An imaginary garden springs to life against a shimmering, abstract gold ground. Elegant stands of crested coxcombs and thistles are featured at the center, swaying to left and right in artful, bouquet-like clusters, enclosed above by and elegant arc of chrysanthemums and miscanthus grasses. The lower left corner is anchored by red and white poppies, the lower right by pine seedlings. Ground-hugging sarsaparilla (sarutori-ibara) fills the bottom center. Flowers of summer and autumn are compressed into a tightly organized composition on this dazzling two-panel screen.

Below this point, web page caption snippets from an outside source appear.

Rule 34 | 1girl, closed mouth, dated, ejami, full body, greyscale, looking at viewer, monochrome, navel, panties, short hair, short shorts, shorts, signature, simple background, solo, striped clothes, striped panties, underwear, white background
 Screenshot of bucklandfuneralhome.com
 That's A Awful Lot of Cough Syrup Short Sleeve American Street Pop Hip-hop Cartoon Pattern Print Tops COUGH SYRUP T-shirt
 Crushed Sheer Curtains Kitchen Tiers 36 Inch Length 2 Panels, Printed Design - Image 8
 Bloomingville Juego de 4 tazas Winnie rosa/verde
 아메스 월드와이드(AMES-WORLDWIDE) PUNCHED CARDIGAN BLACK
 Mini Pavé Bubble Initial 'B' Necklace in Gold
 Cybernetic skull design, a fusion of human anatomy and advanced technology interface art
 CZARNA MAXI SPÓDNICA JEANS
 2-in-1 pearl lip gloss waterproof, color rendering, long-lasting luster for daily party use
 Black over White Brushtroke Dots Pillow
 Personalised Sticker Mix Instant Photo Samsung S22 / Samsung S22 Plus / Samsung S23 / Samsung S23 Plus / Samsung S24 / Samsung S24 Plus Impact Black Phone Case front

Almost nothing is known about Sotatsu, not even his life dates, but he and his Tawaraya workshop in Kyoto used the circular red I’nen seal and specialized in large-scale, showy screens of flowers and grasses, as well as fan paintings. Fan shapes do seem to inform the composition of this screen. Close observation also reveals the meticulous, convincing depiction of each plant. The artist used ink wash to convey shading without use of outlines, the so-called “boneless” method. Colors are thin, allowing the gold ground to shine through. In places, the ink has puddled, further enhancing the realism of the image. The skilful technique suggests an artist associated with the mature period of Sotatsu’s studio. A similar composition with I’nen seal appears on a well-known set of four sliding doors in the Kyoto National Museum.
This and similar garden scenes are associated with a new interest in natural history and a boom in horticulture in the early seventeenth century among both the elite and commoners. At the same time, the art of ikebana, or flower arranging, was coming into its own, thanks to the second-generation head of the Ikenobo lineage. For the most recent study of Sotatsu, see Yukio Lippit and James T. Ulak, Sotatsu
(Washington, DC: Arthur M. Sackler Gallery, Smithsonian Institution, 2015).